|Title||Efficiently defining group characteristics to create subsets|
|Author||Christopher F. Baum, Boston College|
Say that your cross-sectional dataset contains microdata—a record for each employee, for instance—and you want to associate each employee's workplace with an industry code. That information is not on the record but is available to you. How do you get this associated information (which might also be, e.g., the code for a specific pension plan or the state) on the record without manual editing or a long sequence of statements with if clauses? The latter method is perhaps familiar to users of other statistical packages, but there is a better way.
Let us presume that we have Stata dataset employee containing the individual-specific measurements as well as wpid, the workplace ID. Assume that it can be dealt with as an integer; if it were a string code, that could easily be handled as well.
Create a text file containing two columns: the workplace ID (wpid) and the industry code (indcod). For instance,
12367 321 12467 313 13211 321 ... ... 23435 371 32156 341
Read the file into Stata with infile wpid indcod, sort wpid, and save as Stata dataset wpchar.

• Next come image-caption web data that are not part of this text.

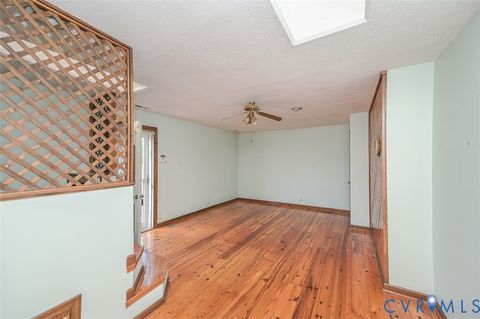 Tiny photo for 7641 Elko Road, Sandston, VA 23150 (MLS # 2609699)
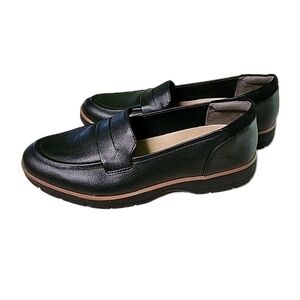 New Women's Dr. Scholl's Smooth Black "Nice Day" Lug Sole Loafers Size 9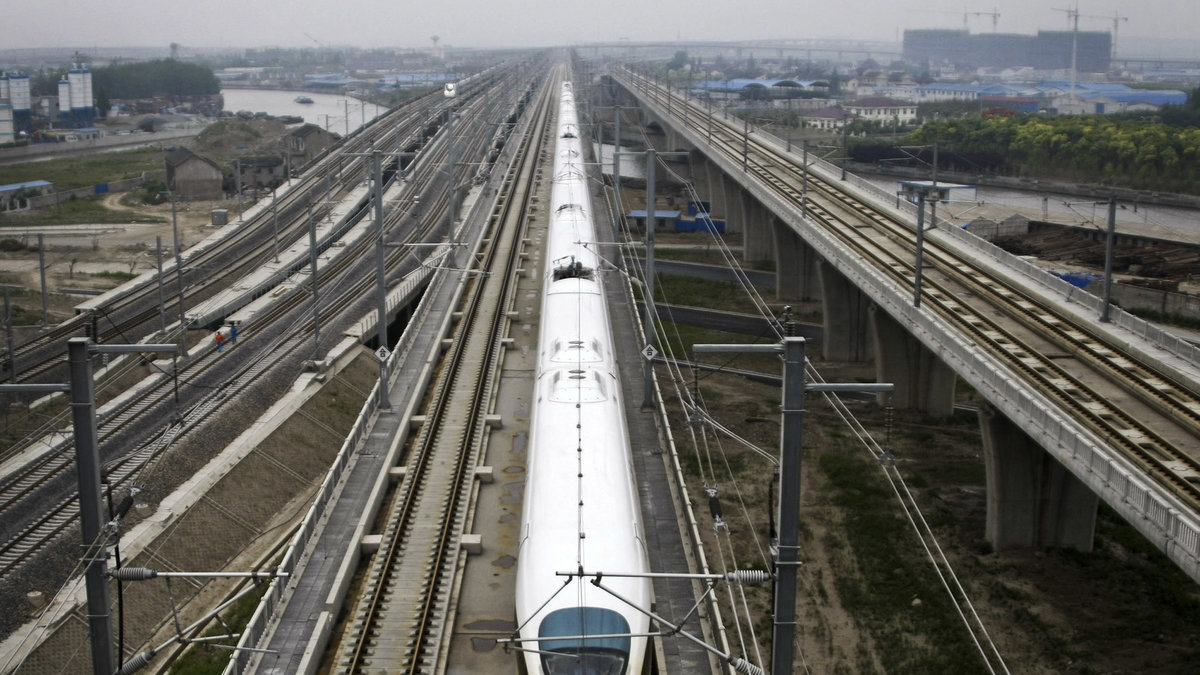 Idag invigdes världens längsta järnväg för höghastighetståg i Kina.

Now use the employee file and give the commands
. sort wpid . merge m:1 wpid using wpchar . tab _merge
You should find that all employees now have an indcod variable defined. If there are missing values in indcod, list the wpids for which indcod is missing (presuming that you have industry codes for all workplaces). When you are satisfied that the merge has worked properly, type
. drop _merge
This is a good example of the power and flexibility of Stata’s merge command. The merge facility does not perform just one-to-one merges; in this example, it performs a one-to-many merge, associating a workplace with each of the employees at that workplace. A clear advantage of this technique appears when you have more than one characteristic to be added to each employee record, for instance, an industry code and the number of employees of the firm, the total sales of the firm, etc. Any number of such firm-level variables could be added to the records in the wpchar file and merged onto the employee file with the same command.
Unlike an approach depending on a long list of conditional statements, replace indcod=321 if inlist(wpid,12367,13211,...), this approach provides a Stata dataset containing your workplace ID numbers, so that you may easily see whether you have a particular code in your list. This approach would be especially useful if you revise the list for a new set of workplaces, etc.